In the final section, Burning Sweetgrass, we are introduced to the concept of the Windigo, a beast who thinks only of itself, whose selfishness and greed means that it can never be satisfied. This beast stalks us all and can strike out through self-destructive practices, and a greed driven in large by a capitalism that never sleeps, constantly feeding us the idea that we need more, tricking ‘us into believing that belongings will fill our hunger’ (p. 308), creating a ‘proposition of scarcity’ that keeps us wanting, needing more (p. 376). The idea that we must strive for limitless economic and productive growth on a limited planet is, we are told, ‘Windigo thinking’ (p. 309). It is not all doom and gloom, however, as Robin tells us that ‘despair is paralysis. It robs us of agency. It blinds us to out own power and the power of the earth’ (p. 328). How do we counter it then? ‘Restoration is a powerful antidote to despair’ (p. 328), restoration of the earth and our relationship with it. Being responsible for the land, and everyone that lives within it. To stop doing bad things, and to make amends, ‘these are the antidotes to despair’ (p. 339). Ultimately, she asks us all to try to defeat the Windigo, by practicing that reciprocity and gratitude that has run as a theme throughout the book - ‘Gratitude for all the earth has given us lends us courage to turn and face the Windigo that stalks us, to refuse to participate in an economy that destroys the beloved earth to line the pockets of the greedy, to demand an economy that is aligned with life, not stacked against it. It’s easier to write that, harder to do’ (p. 377).


TLDR: A key takeaway is the sense of connectivity that exists between all forms of life, and across time - the past, present, and future are all interconnected and the actions we take now entirely impact the future of life. Reciprocity and living with gratitude for the natural world is how we will repair our damaged relationship with it. Kimmerer asks us to look to plants and animals, the natural world as our teachers, rather than our objects to study, reminding us that they work together to protect each other from attack, and they ‘know how to make food and medicine from light and water, and then they give it away’, (p. 10). We’re asked to consider what our gifts, and therefore our responsibilities are as people, and Robin suggests that at least one of these is language - ‘I’ve come to think of writing as an act of reciprocity with the living land’ (p. 347). Perhaps that is what this blog post is - reciprocity both with the author herself, but also with the land, allowing me to consider how I think about my relationship with the land, and how I can improve it, and asking anyone that reads this to consider the same thing? 

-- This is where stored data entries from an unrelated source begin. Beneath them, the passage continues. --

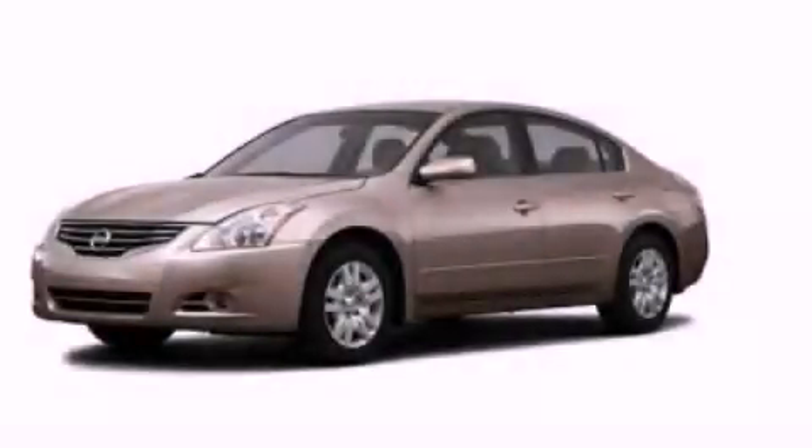This automobile won't last long at this price. Call and arrange a test drive now.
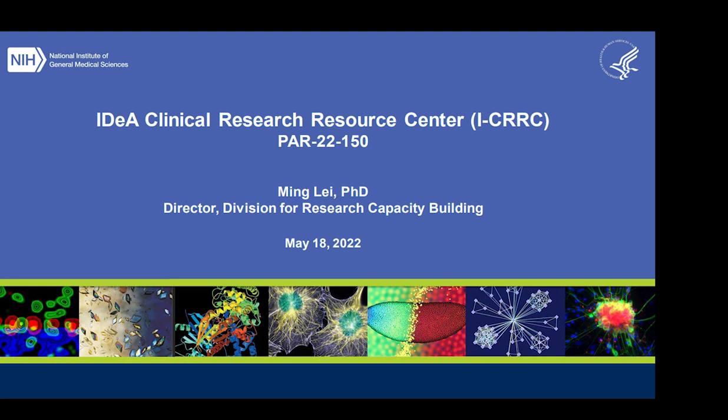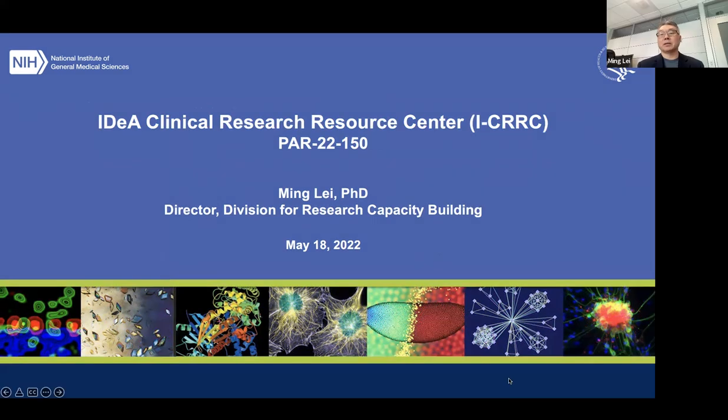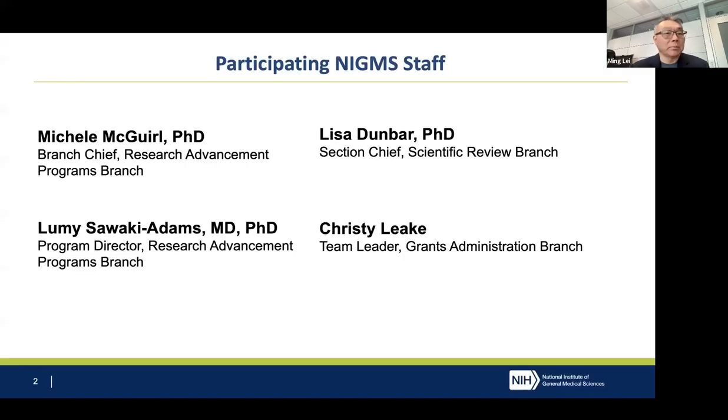We have 90 minutes today reserved. I will give a 10-minute introduction and leave a lot of time for your questions. Joining me today are Michelle McGraw and Lumi Sawakis-Adams, also from the IDEA program, Lisa from our review group, and Christy Leek from the grants management. Together, hopefully we can answer all your questions.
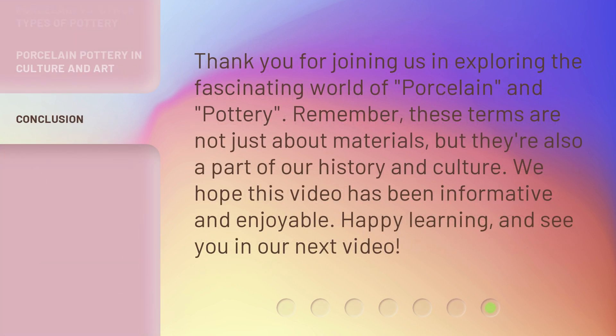Thank you for joining us in exploring the fascinating world of porcelain and pottery. Remember, these terms are not just about materials — they're also a part of our history and culture. We hope this video has been informative and enjoyable. Happy learning, and see you in our next video.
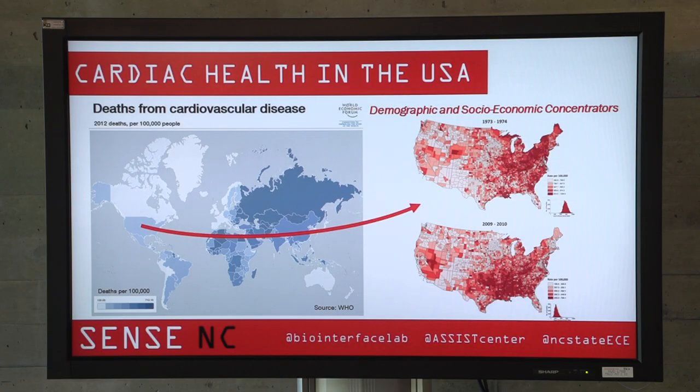We started with a simple plan to have a simple sample with rapid results. We wanted to make it cheaply and efficiently because cardiac health in the U.S. is not the worst in the world, but we're pretty bad. The progression from the 70s until now has moved the highest concentration of cardiac deaths to more rural areas with less access to health care.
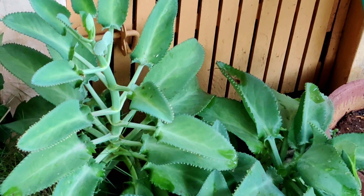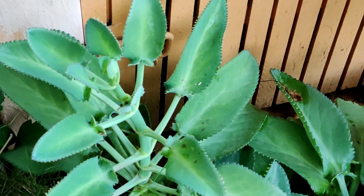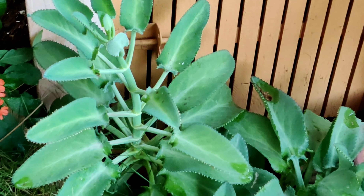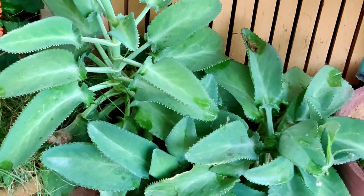We also have interest to bring these plants to the garden. We also have a lot of plants, including one small plant. We can tell you that there are a lot of plants here.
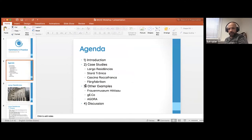We are going to go over the various case studies. The ones we selected are the Largo Residencias in Lisbon, the Stara Tržnica in Bratislava, the Cascina Rocafranca in Turin, the Färgfabriken in Stockholm, as well as a few other unique examples such as the Frauenmuseum, the GECO project that we are highly involved in, and the Agora project.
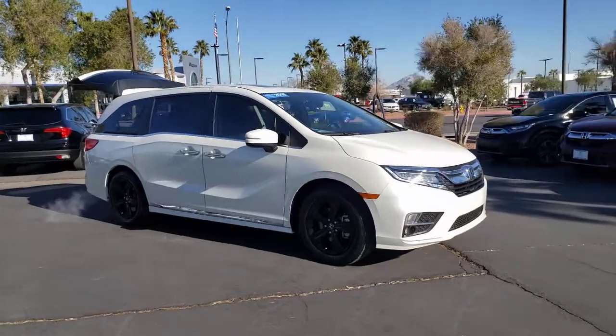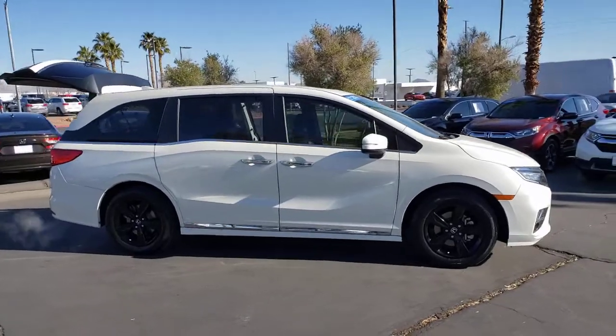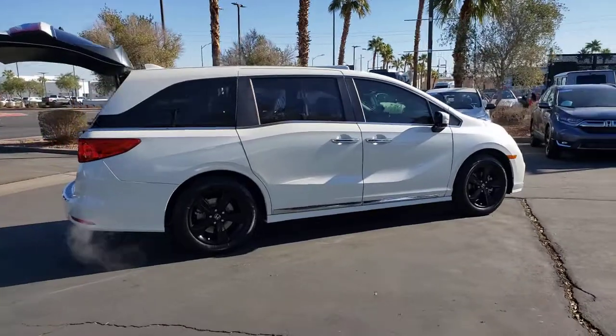Get into the 2018 Honda Odyssey. This vehicle still has fewer than 40,000 miles on the clock, so it won't last long. Prepare to fall in love with this sleek and powerful Odyssey.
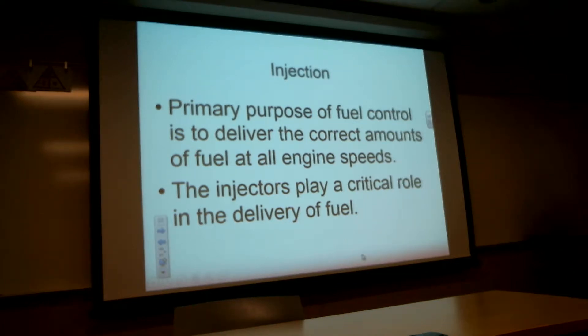We talked about the delivery system to the injectors. The primary reason is to deliver the correct amount of fuel at all engine speeds, and the injectors are what's going to do that. They're the last piece of the puzzle to put the fuel into the combustion chamber. The correct amount of fuel is all scheduled by the fuel control and the fuel pump, and lastly by the injector nozzles.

My view: I would recommend. There were large parts of the book that I absolutely loved. That said, there were parts that left me uncomfortable - an offhand reference to suicide in particular jump out. Around the 250 page mark it started to feel like the book was getting a little long (there are 386 pages in total) for chapters whose themes were perhaps a little repetitive. Others have taken issue with certain representations of indigenous cultures, though I’m no way qualified to talk about those. This book likely won’t feature much in my thesis, but what I did I love was that the things I’ve been thinking about both in present-day life, but also in history - the engagement with and making of green spaces by women for their own and the wellbeing of others is an idea that is replicated time and again across cultures. As is probably obvious from my research I am interested in the connection between women and the natural world, so I particularly enjoy the constant returning of the book to the idea of the feminine and its connection to the earth. Further, the idea of reciprocity, loving the land and being loved in return, and taking care of it is something I practice in my own garden, so spending 386 pages reading about those ideas from a culture entirely distinct to my own, even if I would have cut maybe 100 pages, was still largely an enjoyable read.